▸ Task to complete
Look for the line with "Armbånd - Læder"; please transcribe it and every later line in the entries exactly, up to the end, leaving pictures out.

(Captioned web images)
══════════════════════════════

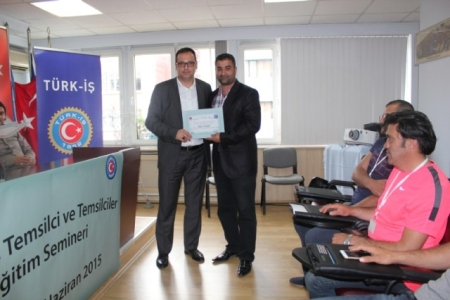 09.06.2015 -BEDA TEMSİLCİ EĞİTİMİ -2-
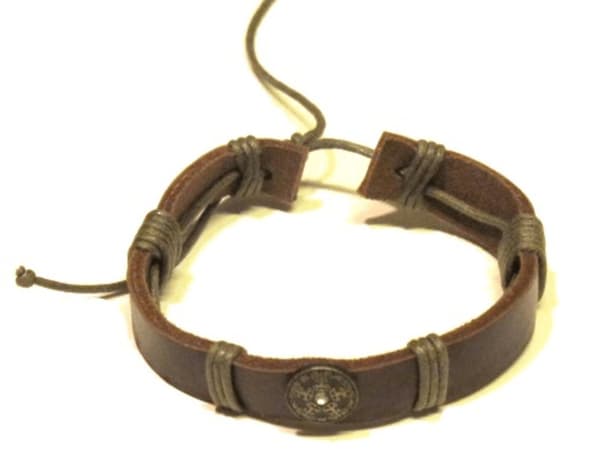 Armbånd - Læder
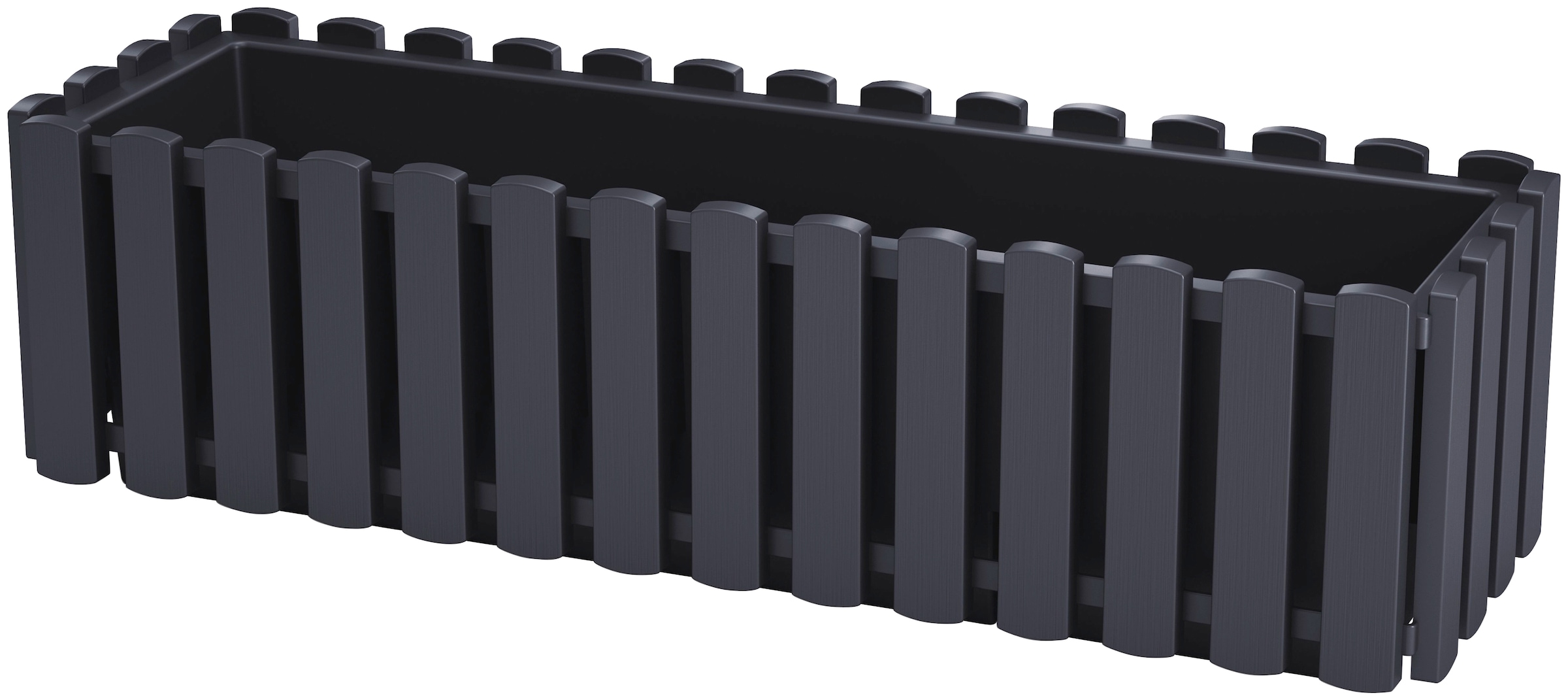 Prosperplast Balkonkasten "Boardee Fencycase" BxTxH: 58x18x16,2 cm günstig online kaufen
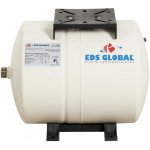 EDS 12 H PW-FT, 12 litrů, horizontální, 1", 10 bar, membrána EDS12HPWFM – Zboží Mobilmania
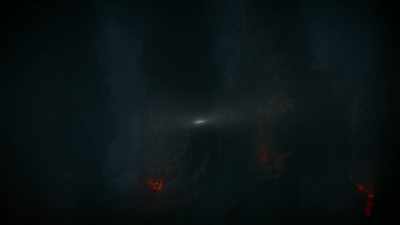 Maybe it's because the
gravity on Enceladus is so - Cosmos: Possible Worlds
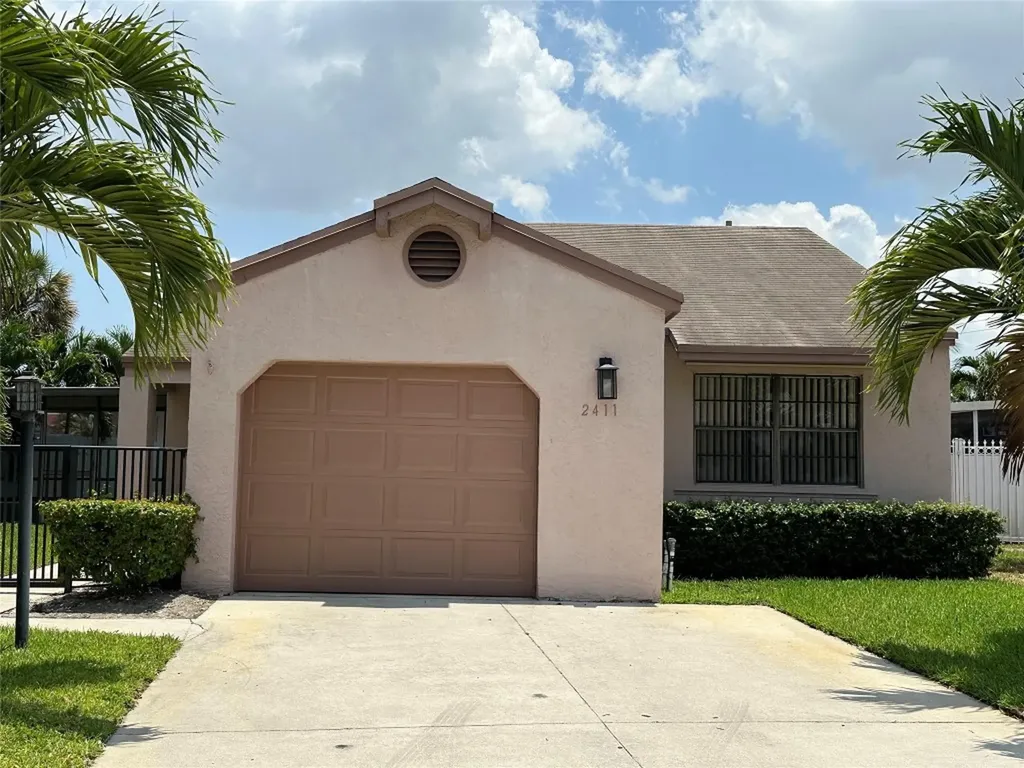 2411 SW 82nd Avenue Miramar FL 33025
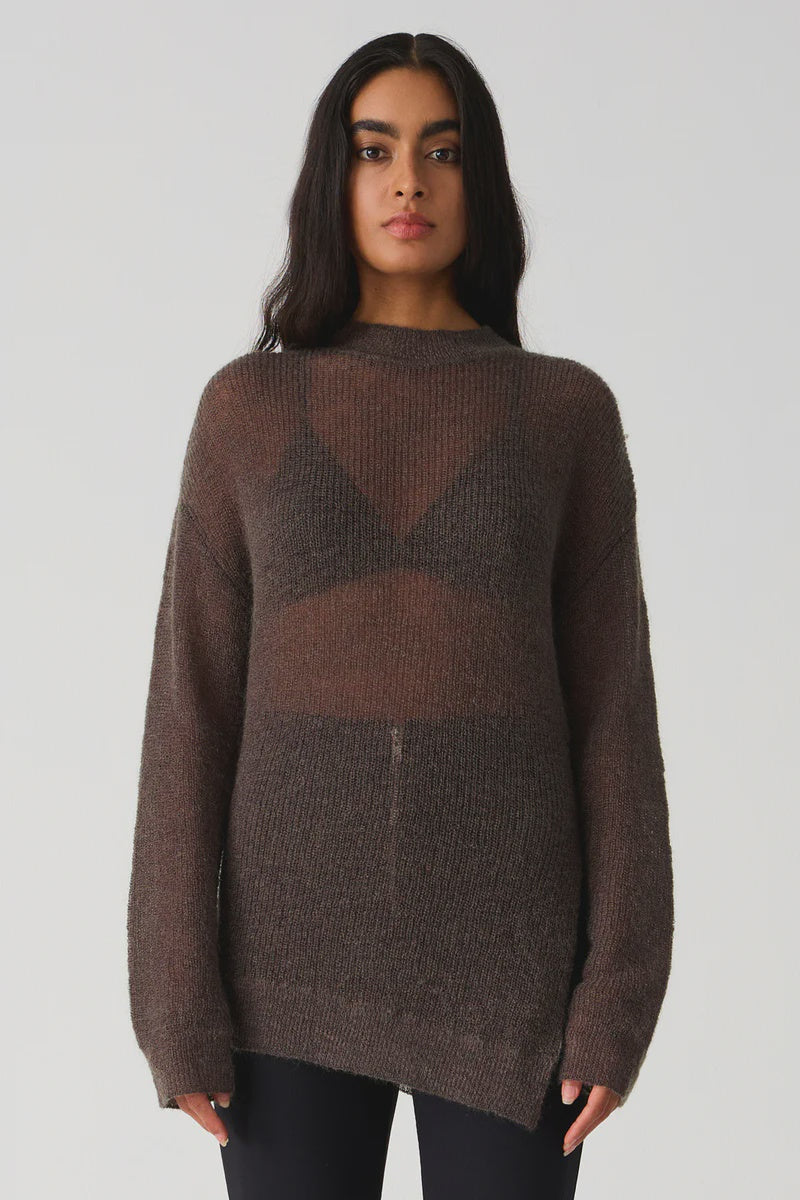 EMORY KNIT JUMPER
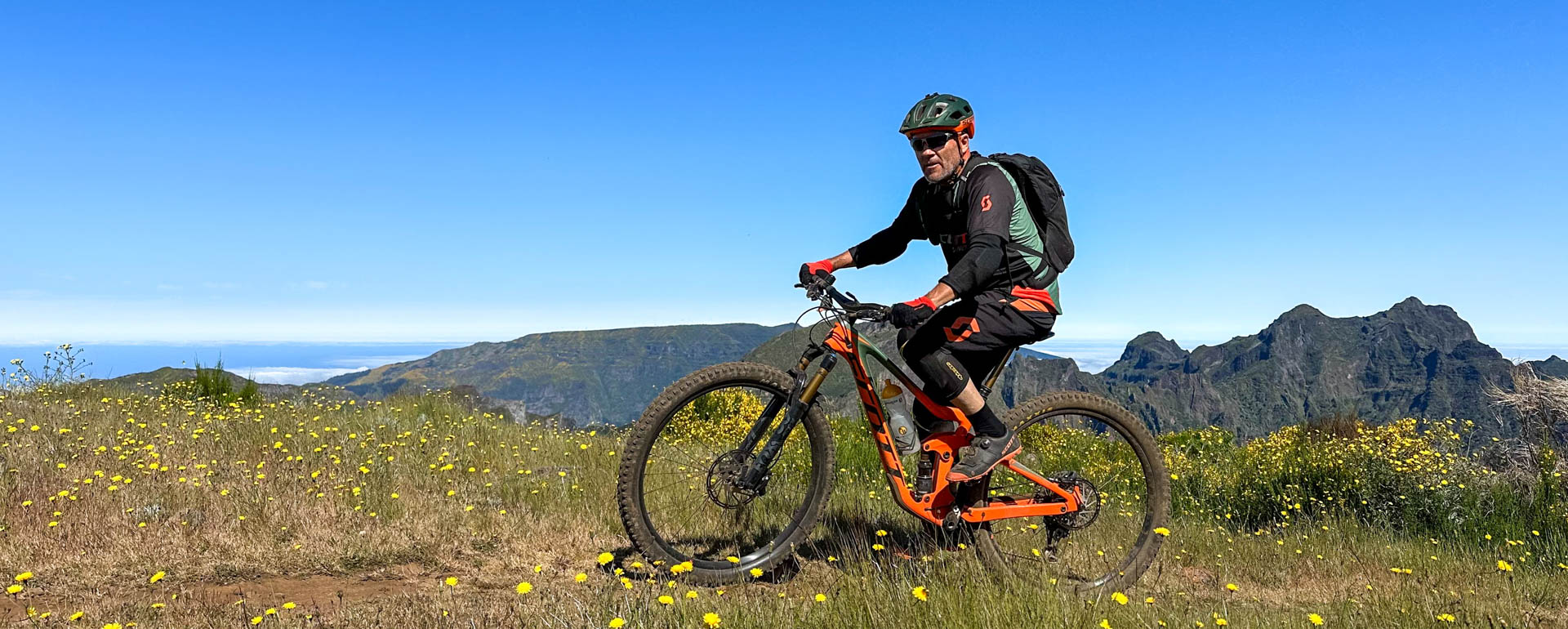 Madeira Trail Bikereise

══════════════════════════════

▸ Solution for this task
 Armbånd - Læder
 Prosperplast Balkonkasten "Boardee Fencycase" BxTxH: 58x18x16,2 cm günstig online kaufen
 EDS 12 H PW-FT, 12 litrů, horizontální, 1", 10 bar, membrána EDS12HPWFM – Zboží Mobilmania
 Maybe it's because the
gravity on Enceladus is so - Cosmos: Possible Worlds
 2411 SW 82nd Avenue Miramar FL 33025
 EMORY KNIT JUMPER
 Madeira Trail Bikereise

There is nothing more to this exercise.